- 12th Special Forces Group (Airborne) Beret Flash
- Active: 15 April 1960 – 15 September 1995
- Country: United States of America
- Branch: U.S. Army 1960–1969 U.S. Army Reserve 1969–1995
- Type: Special forces
- Role: Primary tasks: Unconventional warfare; Foreign internal defense; Special reconnaissance; Direct action; Hostage rescue; Counter-terrorism; Other roles: Counterproliferation; Information operations; Humanitarian missions;
- Part of: 1st Special Forces Command (Airborne)
- Nicknames: Green Berets, Quiet Professionals, Soldier-Diplomats, Snake Eaters
- Mottos: De oppresso liber (U.S. Army's translation: "To Liberate the Oppressed")
- Engagements: Vietnam War Operation Urgent Fury Operation Just Cause Gulf War

Insignia

= 12th Special Forces Group =

The 12th Special Forces Group (Airborne) [12th SFG(A)] traces its lineage from the 6th Company, 2nd Battalion, First Regiment, 1st Special Service Force, a joint Canadian-American special operations unit from World War II. The 12th Special Forces Group was reconstituted, but not activated, as a Regular Army special operations unit under the 1st Special Forces in 1960 and was subsequently allotted to the Army Reserve in 1969 where it remained until deactivation in 1995.

==History==

Activated 9 July 1942 at Fort William Henry Harrison, Montana.

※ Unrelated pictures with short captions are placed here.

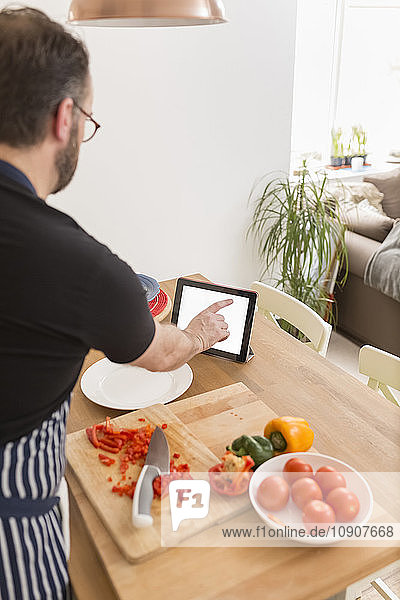 Man using digital tablet while preparing food in the kitchen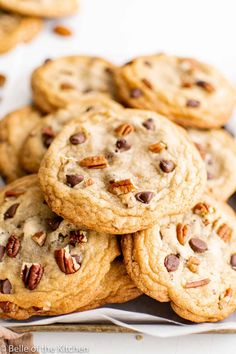 chocolate chip pecan cookies stacked on top of each other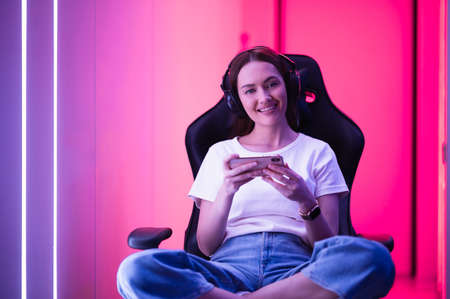 Young girl playing mobile online game on a smart phone while sitting on gaming chair in colorful neon light room.の写真素材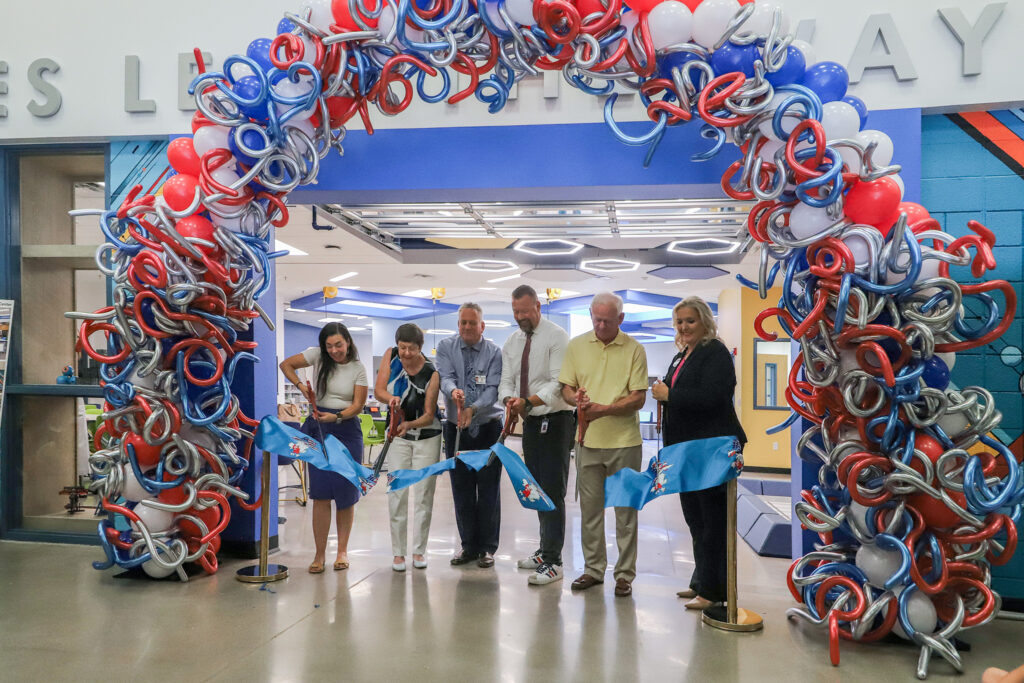 CUSD representatives cut a ribbon with the Hull logo under a balloon arch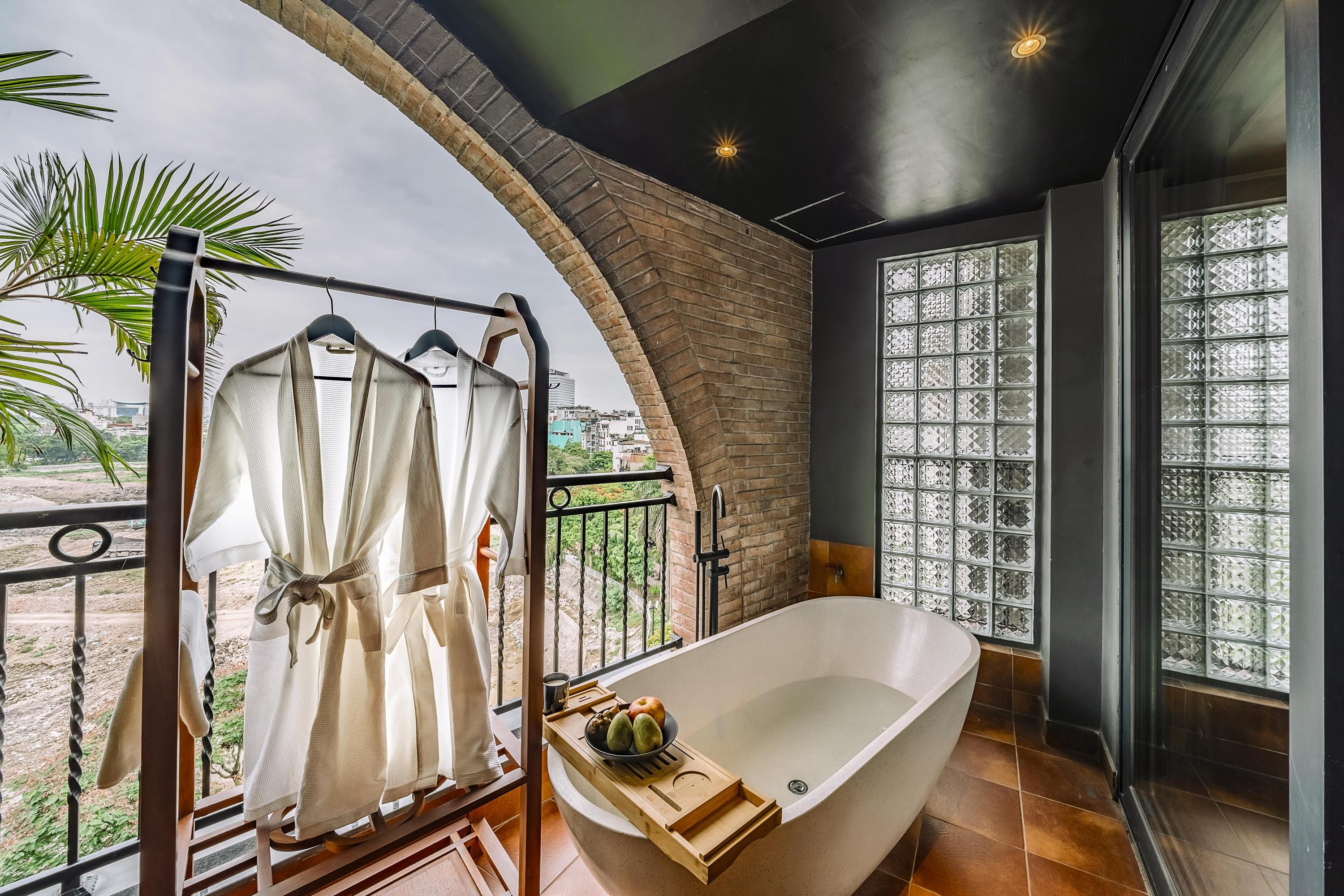 Un baño moderno con una bañera independiente, cabina de ducha con mampara de vidrio y vistas a la ciudad.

Disbanded 6 January 1945 in France.

Reconstituted 15 April 1960 in Regular Army; concurrently, consolidated with Company C, 2d Infantry Battalion and consolidated unit designated as Headquarters and Headquarters Company, 12th Special Forces Group, 1st Special Forces.

Withdrawn 14 December 1969 from the Regular Army and allotted to the Army Reserve (organic elements concurrently constituted).

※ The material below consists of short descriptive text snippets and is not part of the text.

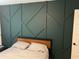 Modern bedroom featuring a bold, decorative green wall and simple, stylish furnishings at 6780 Cedar Glen Rd, Peachtree Corners, GA 30360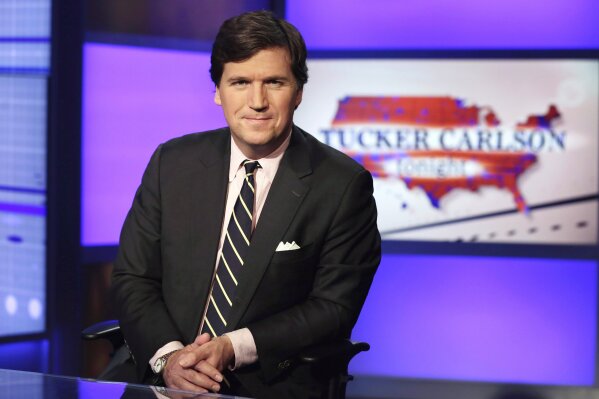 Tucker Carlson, host of "Tucker Carlson Tonight," poses for photos in a Fox News Channel studio, in New York in this March 2, 2017, file photo.  A Manhattan judge has tossed out a defamation lawsuit against Fox News brought by the former Playboy model who took a $150,000 payoff to squelch her story of an affair with Donald Trump. Karen McDougal had alleged in the suit filed late last year that Fox host Tucker Carlson slandered her by calling the payout “a classic case of extortion.” The judge ruled Thursday, Sept. 24, 2020 that the remarks were “rhetorical hyperbole." (AP Photo/Richard Drew, File)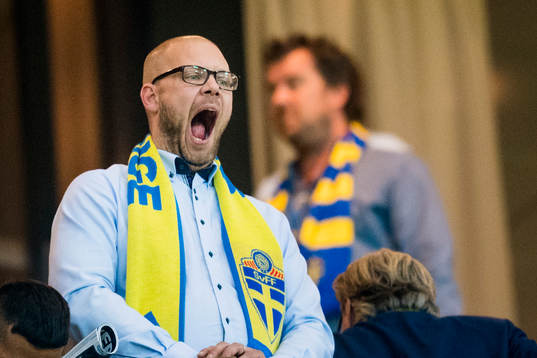 En svensk supporter med halsduk gäspar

Group activated 24 March 1961 with headquarters at Chicago, Illinois.

Location of headquarters changed 19 January 1964 to Oak Park, Illinois; changed 1 September 1970 to Arlington Heights, Illinois.

Elements Located at Richards-Gebaur AFB in Kansas City, Missouri in 1978–80, Northern California (Hamilton AFB), and San Diego, California (Van Deman Hall – USAR).

The Group was inactivated, along with the 11th Special Forces Group, on 15 September 1995.

Many members of the 12th SFG transferred to the Army National Guard's 20th SFG following the group's inactivation.